Each student group is assigned a case study at the start of the course. Each group is also assigned an academic case study supervisor.
Model future candidate enterprise system scenarios: In order to recommend future developments of the system to the user organization, a set of future candidate enterprise system scenarios need to be proposed. These scenarios can either be proposed by people from the user organization or can be created by the student group.
Model the user organization’s requirements: To determine which scenario is the better, the user organization’s requirements need to be taken into account. Is Service A more important than Service B? Is Modifiability more important than Availability for Service A? What availability is minimally acceptable for Business process C? These and similar requirements can be captured using the provided metamodel.
Predict scenario quality: Prediction using the Enterprise Architecture Analysis Tool (EA2T) and the provided metamodel is really quite easy. Just press the “Calculate” button, wait, and see the results. A likely outcome is that the attempt to calculate reveals problems in the model. These must then be remedied. Perhaps it is possible for you, after the analysis, to modify one of the scenarios in a realistic way to increase its utility to the user organization. If you can, make sure to improve the scenarios in this manner.
Justify your recommendations: Your recommendation ought to be the candidate scenario that results in the highest utility score for the user organization. The user organization will, however, need to understand how you came to that conclusion. Therefore, you will need to motivate your recommendations to a layperson. Why is Scenario A better than B? Why did Scenario C have a lower modifiability than Scenario B? Why should we trust your estimation of the investment cost of Node X? Why is Y modeled as a service and not a function and how does that affect your prediction?
In the bonus assignment, the metamodel provided by the course is no longer taken for granted. Instead, the main task is to improve on it in order to make recommendations more tailored to the case study company.
Augment the provided metamodel with a system quality of importance for the owner organization: The metamodel only contains analyses of a certain number of quality attributes including modifiability, availability, interoperability, cost, etc. However, the case study organization may also be interested in other quality attributes, such as security, performance, organizational efficiency, or perhaps business profitability. To prevent that your recommendations are limited by the scope of the provided metamodel, this task aims to extend it to include one other attribute.
Re-analyze, re-recommend and re-justify: After updating the metamodel with your own quality attribute prediction mechanism, the enterprise architecture scenarios at the case study organization need to be re-evaluated and your recommendations updated. This task is similar to the final three tasks of the basic assignment.
At the start of the course, students will form small groups of two to four persons. Each group will be assigned one or several information systems in operational use at some organization, such as an energy company, a product-developing company, or an insurance company. The main concrete result expected of the students is a set of recommendations regarding the future evolution of the information systems and their enterprise environment. The recommendations will be presented to the owner organization, which might choose to implement them.

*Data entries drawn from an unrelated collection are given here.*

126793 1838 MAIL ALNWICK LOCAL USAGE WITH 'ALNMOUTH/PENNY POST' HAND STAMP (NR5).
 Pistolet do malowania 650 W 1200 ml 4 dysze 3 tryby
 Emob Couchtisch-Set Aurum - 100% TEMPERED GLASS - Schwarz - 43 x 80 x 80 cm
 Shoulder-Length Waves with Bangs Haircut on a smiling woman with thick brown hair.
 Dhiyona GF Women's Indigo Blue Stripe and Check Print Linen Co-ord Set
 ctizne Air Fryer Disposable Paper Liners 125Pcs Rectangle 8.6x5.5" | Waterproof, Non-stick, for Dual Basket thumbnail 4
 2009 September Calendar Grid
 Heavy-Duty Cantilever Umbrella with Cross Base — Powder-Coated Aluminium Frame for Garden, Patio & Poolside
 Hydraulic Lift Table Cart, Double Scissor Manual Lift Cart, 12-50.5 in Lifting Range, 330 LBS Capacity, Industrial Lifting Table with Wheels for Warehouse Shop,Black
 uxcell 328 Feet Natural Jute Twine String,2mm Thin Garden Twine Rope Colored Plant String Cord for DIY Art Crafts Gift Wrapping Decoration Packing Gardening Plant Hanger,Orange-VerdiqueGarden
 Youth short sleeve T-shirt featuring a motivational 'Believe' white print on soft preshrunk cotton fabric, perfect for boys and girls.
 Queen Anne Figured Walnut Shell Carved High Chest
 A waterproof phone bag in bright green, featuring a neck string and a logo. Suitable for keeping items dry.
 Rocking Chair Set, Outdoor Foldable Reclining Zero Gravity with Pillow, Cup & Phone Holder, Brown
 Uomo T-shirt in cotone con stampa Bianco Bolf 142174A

In order to generate the system development recommendations, students are expected to employ the enterprise architecture methods and tools provided in the course. The goal of the course can be summarized in the following two learning objectives:
- What are the factors that affect various quality properties of information systems, and through what mechanisms do they act?
- How can enterprise architecture modeling and analysis be employed to predict the effects of changes to the factors on the qualities?
The involvement with a company has on many occasions resulted in master thesis projects and is a good introduction to the job market. Our previous students now typically work as management consultants at firms like Capgemini, Centigo and Accenture, as IT specialists at companies such as Ericsson, ABB, Vattenfall, IBM and Microsoft, or continue their studies as PhD students within Enterprise Architecture at Industrial Information and Control Systems.
In this course, we want you to take control of your learning. You should be free to learn in any way you like. Of course, as teachers and examiners, it is our responsibility to provide the content of the course and to assess that you indeed have learnt that content at the end of the course, but we believe that you are the better judge of how you best acquire that content. Our role is therefore two-fold: i) at a few very specific occasions, we will assess your mastery of the course contents, ii) during the rest of the course, we attempt to provide you with an environment in which you can learn freely and efficiently (and without being evaluated). To give you control, there are very few compulsory elements in the course. If you do not believe that a certain lecture, seminar or exercise will help you learn, you need not participate in it. But as you take control over the learning process, you also mantle the responsibility of it. You plan your project. You search for and find the information you need.
As mentioned, it is our responsibility to provide a fertile learning environment. For that, we have a plethora of learning tools. These include a book and other reading materials, a software tool, films, tutorials, examples, exercises, guest lectures, seminars, designated tutors and teachers prepared to assist you according to your needs. This material is available, most of it is strongly recommended, but its consumption is not mandatory. There will be very few planned lectures on planned topics. Instead, you can request the lectures you feel that you need.